A team of MIT researchers has created a ‘ChatGPT for spreadsheets’ that helps solve difficult engineering challenges more rapidly. According to the researchers, the approach could help engineers tackle extremely complex design problems, from power grid optimisation to vehicle design.
Many engineering challenges come down to the same headache – too many knobs to turn and too few chances to test them. Whether tuning a power grid or designing a safer vehicle, each evaluation can be costly, and there may be hundreds of variables that could matter.
Consider car safety design. Engineers must integrate thousands of parts, and many design choices can affect how a vehicle performs in a collision. Classic optimisation tools could start to struggle when searching for the best combination.
The new approach rethinks how a classic method, known as Bayesian optimisation, can be used to solve problems with hundreds of variables. In tests on realistic engineering-style benchmarks, such power-system optimisation, the approach found top solutions 10–100 times faster than widely used methods.
The technique leverages a foundation model trained on tabular data that automatically identifies the variables that matter most for improving performance, repeating the process to hone in on better and better solutions. Foundation models are huge artificial intelligence systems trained on vast, general datasets. This allows them to adapt to different applications.
The researchers’ tabular foundation model doesn’t need to be constantly retrained as it works toward a solution, increasing the efficiency of the optimisation process. The technique also delivers greater speedups for more complicated problems, so it could be especially useful in demanding applications such as materials development or drug discovery.
‘Modern AI and machine-learning models can fundamentally change the way engineers and scientists create complex systems,’ said Rosen Yu, a graduate student in computational science and engineering. ‘We came up with one algorithm that can not only solve high-dimensional problems, but is also reusable so it can be applied to many problems without the need to start everything from scratch,’
When scientists seek to solve a multifaceted problem but have expensive methods to evaluate success, such as crash testing a car to know how good each design is, they often use a tried-and-true method called Bayesian optimisation. This iterative method finds the best configuration for a complicated system by building a surrogate model that helps estimate what to explore next while considering the uncertainty of its predictions.
But the surrogate model must be retrained after each iteration, which can quickly become computationally intractable when the space of potential solutions is very large.
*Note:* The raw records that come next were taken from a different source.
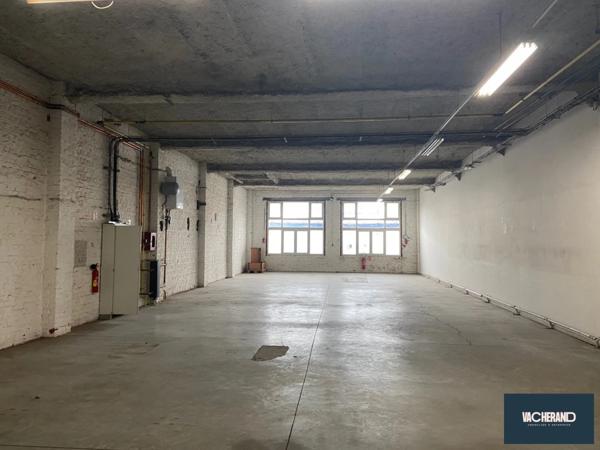 ENSEMBLE IMMOBILIER (BUREAUX + ENTREPÔTS ) - 750 m²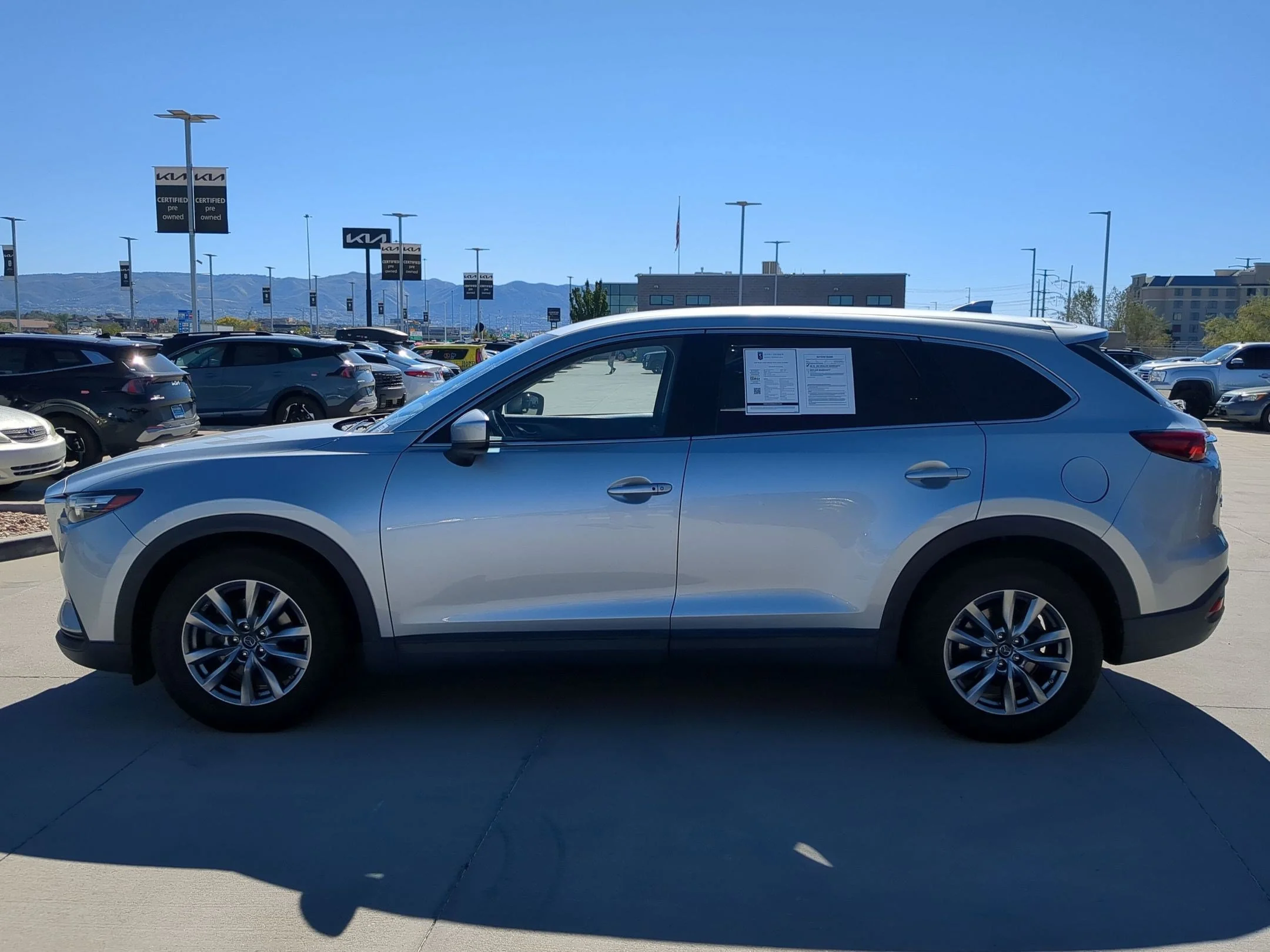 Used 2018 Sonic Silver Metallic Mazda Touring image 2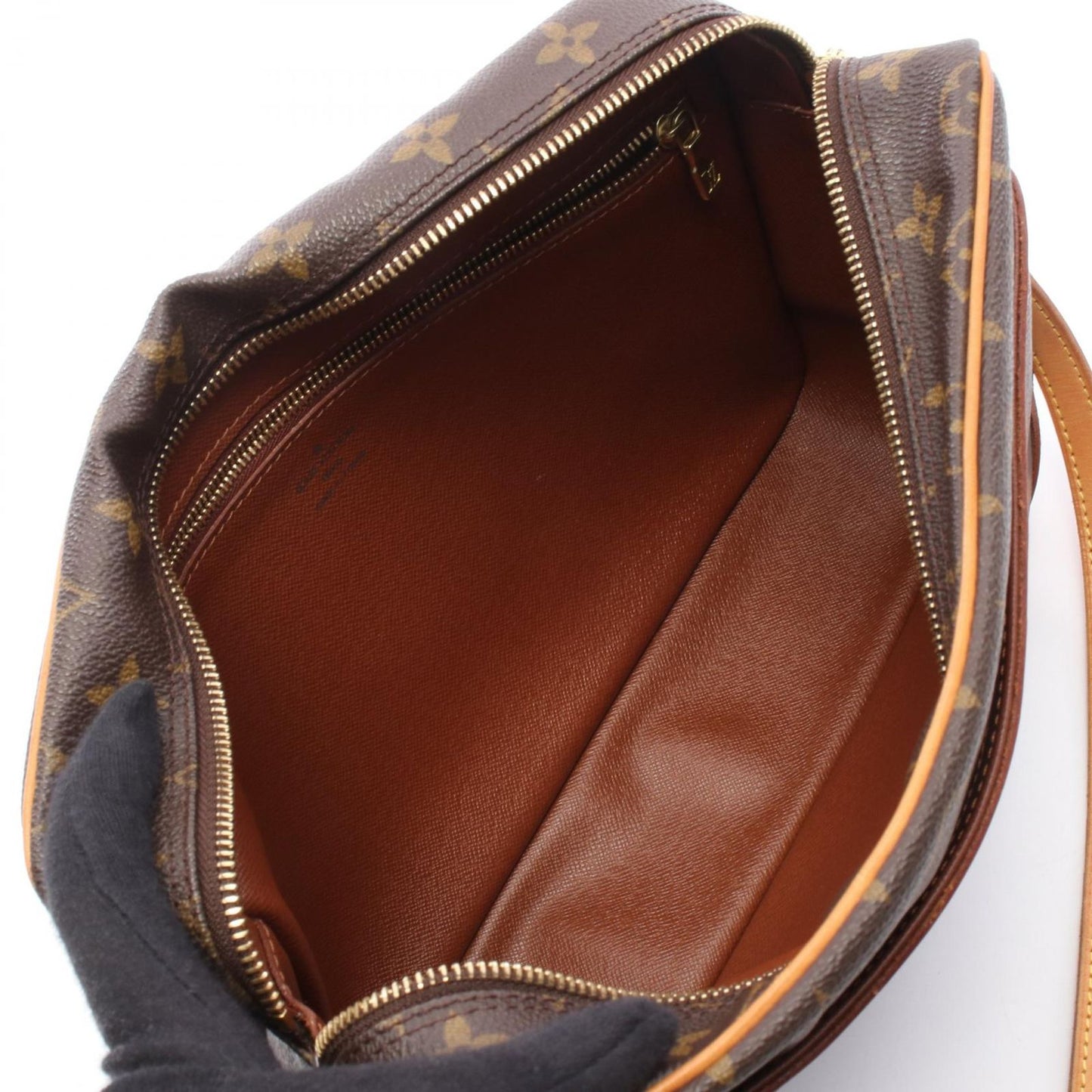 Louis Vuitton Shoulder Bag Trocadero 30 Monogram Canvas Leather — view 3
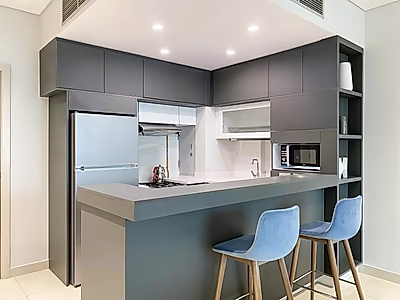 Luxurious 1BR with Marina Views – Marina District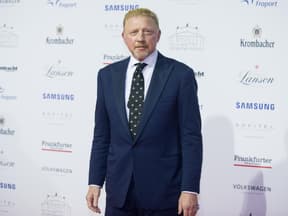 Boris Becker posiert vor einer weißen Wand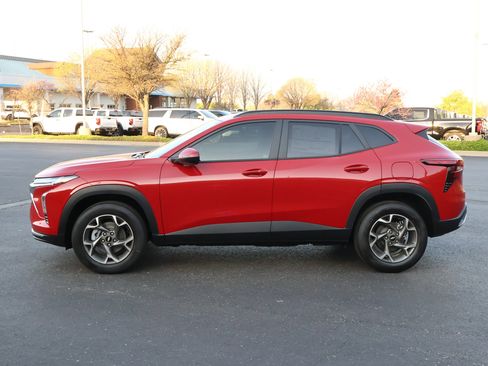 New 2026 Chevrolet Trax LT w/ LT Convenience Package image 25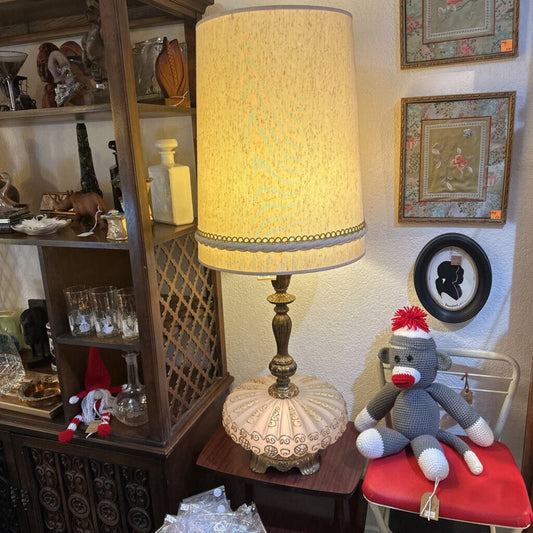 VINTAGE TABLE LAMP PAIR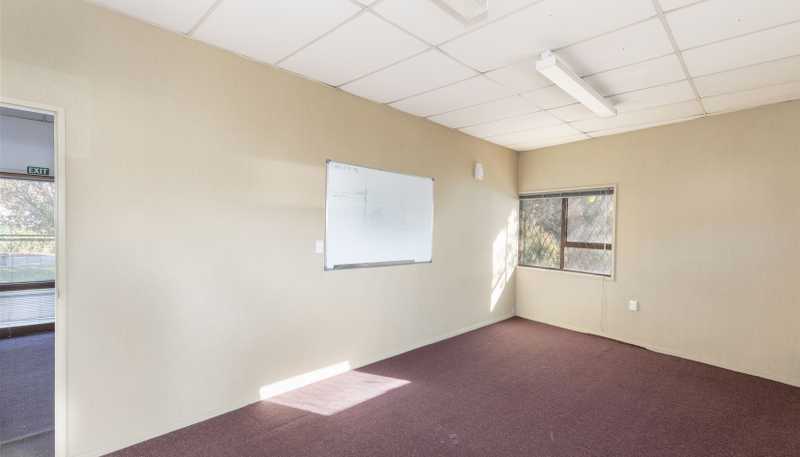 124 Main Street, Huntly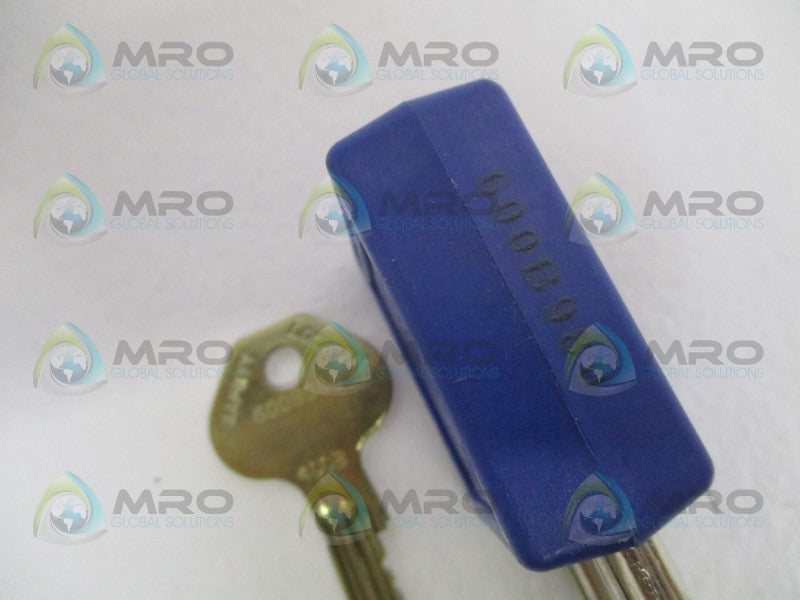 MASTER LOCK 410MKBLUZT1 600B980 PADLOCK NSMP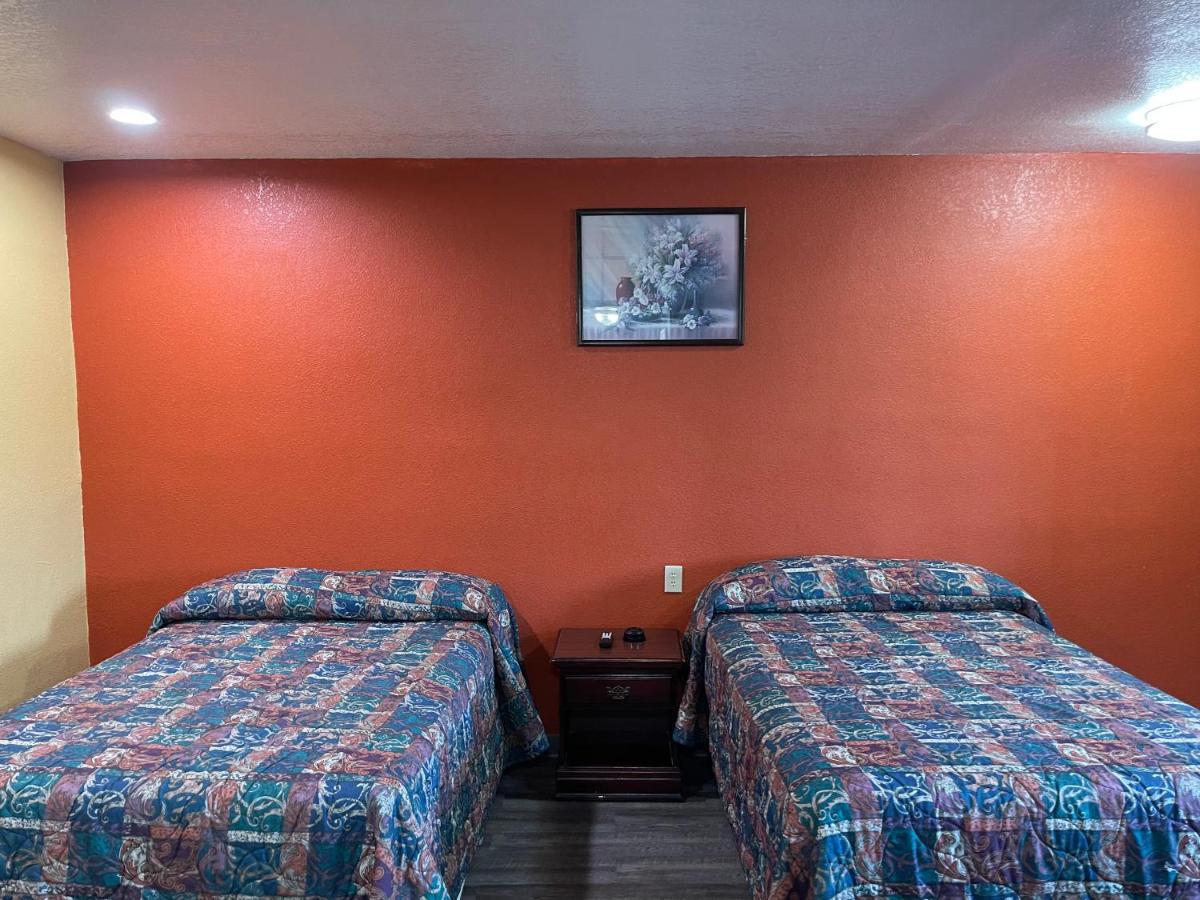 Kenwood Court Motel Wilson Esterno foto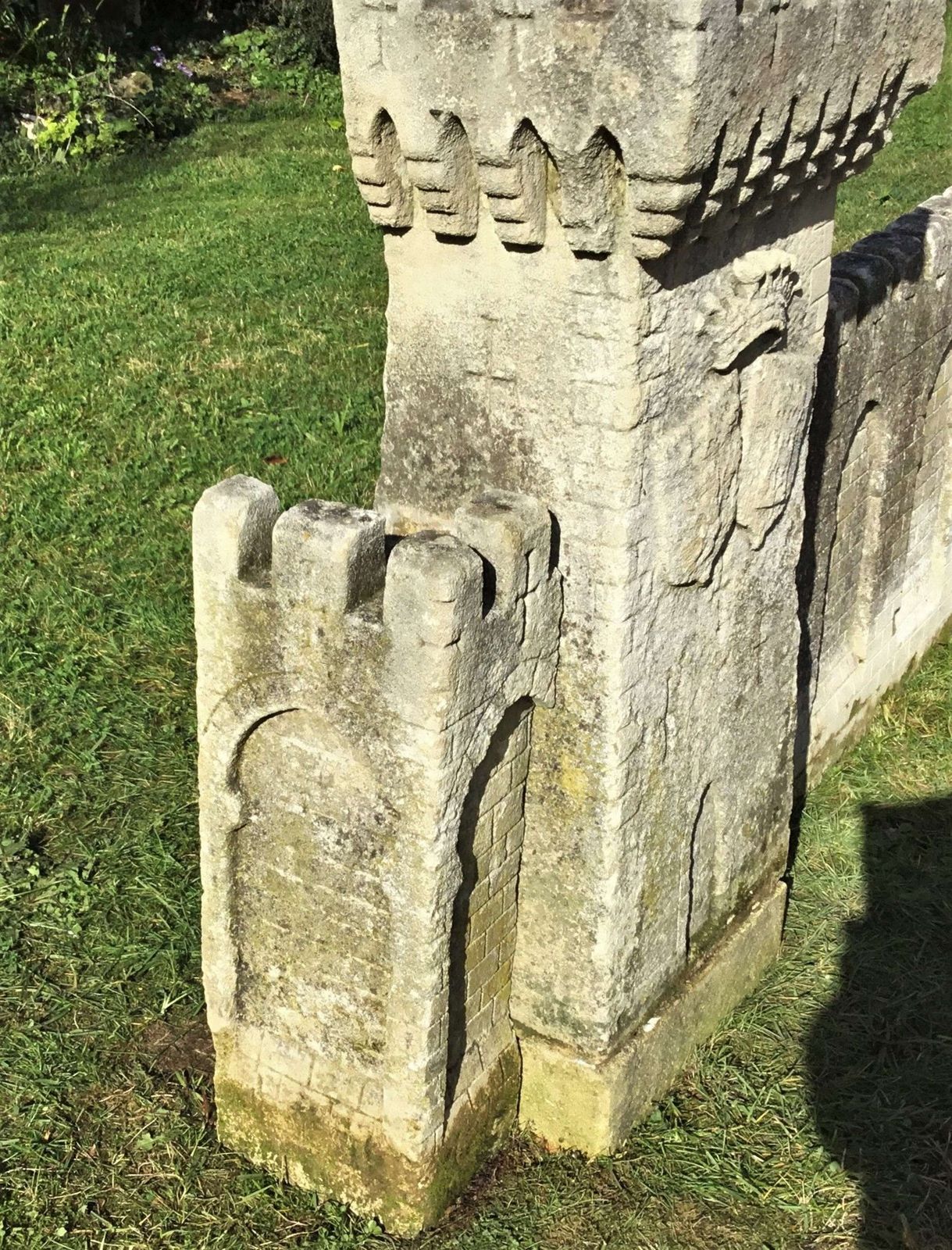 photo vintage C18th Carved Stone 19ft Scale Replica Of A Castle / Chateau Wall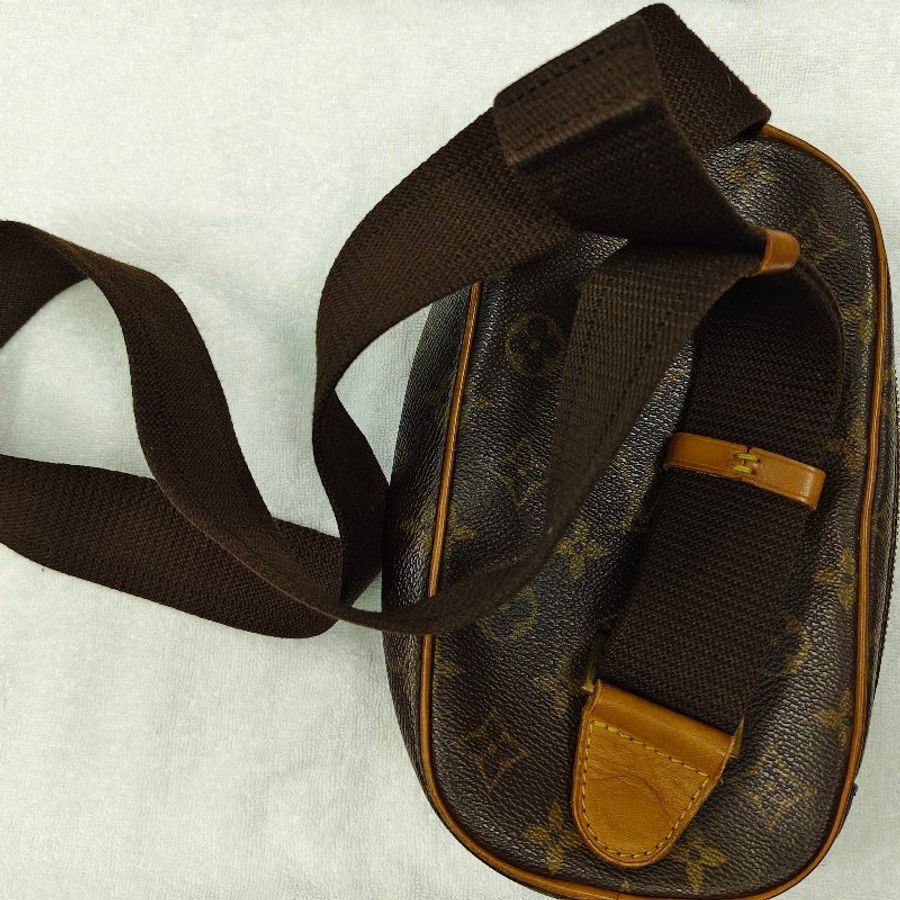 LOUIS VUITTON 傳統花色斜背腰包-6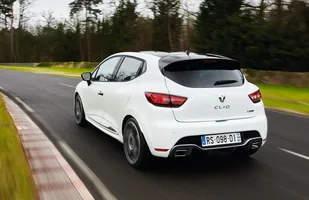 Renault Clio R.S. Trophy 220 EDC. Cena — zdjęcie 11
In addition, scientists need to build a new model from scratch any time they want to tackle a different scenario.
To address both shortcomings, the MIT researchers utilised a generative AI system known as a tabular foundation model as the surrogate model inside a Bayesian optimisation algorithm. ‘A tabular foundation model is like a ChatGPT for spreadsheets. The input and output of these models are tabular data, which in the engineering domain is much more common to see and use than language,’ Yu said.
Just like large language models such as ChatGPT, Claude and Gemini, the model has been pre-trained on an enormous amount of tabular data. This makes it well equipped to tackle a range of prediction problems. In addition, the model can be deployed as is, without the need for any retraining.
To make their system more accurate and efficient for optimisation, the researchers employed a trick that enables the model to identify features of the design space that will have the biggest impact on the solution. ‘A car might have 300 design criteria, but not all of them are the main driver of the best design if you are trying to increase some safety parameters. Our algorithm can smartly select the most critical features to focus on,’ Yu said.
It does this by using a tabular foundation model to estimate which variables (or combinations of variables) most influence the outcome. It then focuses the search on those high-impact variables instead of wasting time exploring everything equally. For instance, if the size of the front crumple zone significantly increased and the car’s safety rating improved, that feature likely played a role in the enhancement.
One of their biggest challenges was finding the best tabular foundation model for this task, Yu sais. Then they had to connect it with a Bayesian optimisation algorithm in such a way that it could identify the most prominent design features.
‘Finding the most prominent dimension is a well-known problem in math and computer science, but coming up with a way that leveraged the properties of a tabular foundation model was a real challenge,’ Yu said.
With the algorithmic framework in place, the researchers tested their method by comparing it to five state-of-the-art optimisation algorithms. On 60 benchmark problems, including realistic situations suchas power grid design and car crash testing, their method consistently found the best solution between 10 and 100 times faster than the other algorithms. ‘When an optimisation problem gets more and more dimensions, our algorithm really shines,’ Yu added.
But their method didn’t outperform the baselines on all problems, such as robotic path planning. This likely indicates that that scenario wasn’t well defined in the model’s training data, Yu said.
In the future, the researchers want to study methods that could boost the performance of tabular foundation models. They also want to apply their technique to problems with thousands or even millions of dimensions, such as the design of a naval ship.